- [Exercise data]
══════════════════════════════

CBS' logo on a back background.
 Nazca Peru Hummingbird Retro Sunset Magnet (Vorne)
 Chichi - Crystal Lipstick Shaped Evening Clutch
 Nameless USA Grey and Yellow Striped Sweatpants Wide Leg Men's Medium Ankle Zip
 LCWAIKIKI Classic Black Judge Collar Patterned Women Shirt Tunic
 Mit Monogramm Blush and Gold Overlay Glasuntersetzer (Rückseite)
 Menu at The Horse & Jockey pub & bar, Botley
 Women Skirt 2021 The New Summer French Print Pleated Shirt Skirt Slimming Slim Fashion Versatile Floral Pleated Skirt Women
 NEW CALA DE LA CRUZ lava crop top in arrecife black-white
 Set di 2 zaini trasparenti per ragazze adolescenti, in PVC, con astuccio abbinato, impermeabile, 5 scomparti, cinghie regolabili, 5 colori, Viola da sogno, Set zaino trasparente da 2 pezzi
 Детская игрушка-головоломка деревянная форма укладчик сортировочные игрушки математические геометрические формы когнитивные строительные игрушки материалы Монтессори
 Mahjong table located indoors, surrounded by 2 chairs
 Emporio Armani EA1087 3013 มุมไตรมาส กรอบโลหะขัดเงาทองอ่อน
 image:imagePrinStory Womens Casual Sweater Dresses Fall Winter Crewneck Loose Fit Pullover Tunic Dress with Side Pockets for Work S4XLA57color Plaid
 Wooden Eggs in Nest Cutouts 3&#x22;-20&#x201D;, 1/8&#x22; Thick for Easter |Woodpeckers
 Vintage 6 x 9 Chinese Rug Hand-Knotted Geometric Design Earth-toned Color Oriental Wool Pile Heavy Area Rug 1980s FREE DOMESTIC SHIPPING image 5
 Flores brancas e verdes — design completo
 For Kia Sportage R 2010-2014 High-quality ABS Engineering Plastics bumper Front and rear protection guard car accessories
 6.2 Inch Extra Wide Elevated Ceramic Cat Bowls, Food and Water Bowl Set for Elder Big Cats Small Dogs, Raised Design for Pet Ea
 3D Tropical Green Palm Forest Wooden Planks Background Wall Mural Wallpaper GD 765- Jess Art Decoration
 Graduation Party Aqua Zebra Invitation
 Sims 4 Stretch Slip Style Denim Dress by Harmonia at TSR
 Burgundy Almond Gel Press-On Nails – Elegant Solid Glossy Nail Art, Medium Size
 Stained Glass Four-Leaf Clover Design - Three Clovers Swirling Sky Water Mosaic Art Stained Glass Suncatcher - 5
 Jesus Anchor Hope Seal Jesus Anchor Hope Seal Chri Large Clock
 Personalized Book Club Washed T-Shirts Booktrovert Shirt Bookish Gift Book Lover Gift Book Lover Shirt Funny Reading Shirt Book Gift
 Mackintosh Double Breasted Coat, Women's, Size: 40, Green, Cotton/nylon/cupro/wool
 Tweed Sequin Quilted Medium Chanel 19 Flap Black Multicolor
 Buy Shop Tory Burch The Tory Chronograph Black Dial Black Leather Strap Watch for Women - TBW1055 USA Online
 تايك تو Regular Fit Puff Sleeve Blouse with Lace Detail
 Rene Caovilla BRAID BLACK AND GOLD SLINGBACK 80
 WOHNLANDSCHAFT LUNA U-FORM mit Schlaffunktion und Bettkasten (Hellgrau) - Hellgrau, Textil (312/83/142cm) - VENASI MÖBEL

══════════════════════════════

- [Required work] Each line above from the one with "3D Tropical Green" up to and including the one with "Jesus Anchor Hope Seal Jesus" must be set down exactly, and no line outside that span may appear.

- [Finished task]
 3D Tropical Green Palm Forest Wooden Planks Background Wall Mural Wallpaper GD 765- Jess Art Decoration
 Graduation Party Aqua Zebra Invitation
 Sims 4 Stretch Slip Style Denim Dress by Harmonia at TSR
 Burgundy Almond Gel Press-On Nails – Elegant Solid Glossy Nail Art, Medium Size
 Stained Glass Four-Leaf Clover Design - Three Clovers Swirling Sky Water Mosaic Art Stained Glass Suncatcher - 5
 Jesus Anchor Hope Seal Jesus Anchor Hope Seal Chri Large Clock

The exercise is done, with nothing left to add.